Figure 1: Alternative units of data collection for IOIS chain research
A chain is normally defined as three or more linked organizations (Hines, 1998), such as the focal firm, a supplier, and a customer, e.g., a food processor, a primary produce supplier, and retailer customer. However, many quantitative chain studies only evaluate dyadic relationships such as a manufacturer and their suppliers (e.g., Ellinger, Daugherty, & Plair, 1999; Holland, 1995). Other than research done by Spekman et al. (1998), the main exception is when case studies of the chains or networks of a focal firm are examined (e.g., Gifford, Hall, & Ryan, 1998; Samuel & Hines, 1998; Trienekens, 1999; Van der Vorst, 2000). To gain a full chain perspective, some researchers start by studying cases and follow up with surveys of focal firms (e.g., Kanflo, 1998). This two-phase research process extends the time taken to conduct the research.
The concern in relying on quantitative chain research based on focal firm or dyadic studies is that only part of the chain is being studied. The differences in responses of sales and purchasing staff found by Spekman et al. (1998) and Storer et al. (2002) may have more to do with the greater bargaining power of customers compared to the lesser power of suppliers. Responses may be affected by the position of the organization in the chain.

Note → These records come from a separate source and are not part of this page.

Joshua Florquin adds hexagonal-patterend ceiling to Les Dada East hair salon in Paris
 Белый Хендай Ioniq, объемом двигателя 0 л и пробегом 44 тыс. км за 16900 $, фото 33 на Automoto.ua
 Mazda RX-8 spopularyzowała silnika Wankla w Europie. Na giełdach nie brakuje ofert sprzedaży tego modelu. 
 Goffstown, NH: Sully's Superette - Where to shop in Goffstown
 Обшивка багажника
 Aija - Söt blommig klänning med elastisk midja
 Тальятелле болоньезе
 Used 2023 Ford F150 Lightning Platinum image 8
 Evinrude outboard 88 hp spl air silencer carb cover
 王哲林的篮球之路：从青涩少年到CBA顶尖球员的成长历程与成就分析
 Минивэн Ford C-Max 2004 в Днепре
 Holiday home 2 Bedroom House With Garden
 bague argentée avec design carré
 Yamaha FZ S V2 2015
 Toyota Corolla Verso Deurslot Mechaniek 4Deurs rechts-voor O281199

As an alternative to multiple case studies, dyadic studies, or focal firm surveys, it is proposed that data can be collected from a focal firm about both customers and suppliers (Figure 1, “comparative pairs”). For example, data could be collected from a food processor about their customers (retailers, wholesalers, or other food processors) and their suppliers (primary producers, packaging suppliers, and other food processors).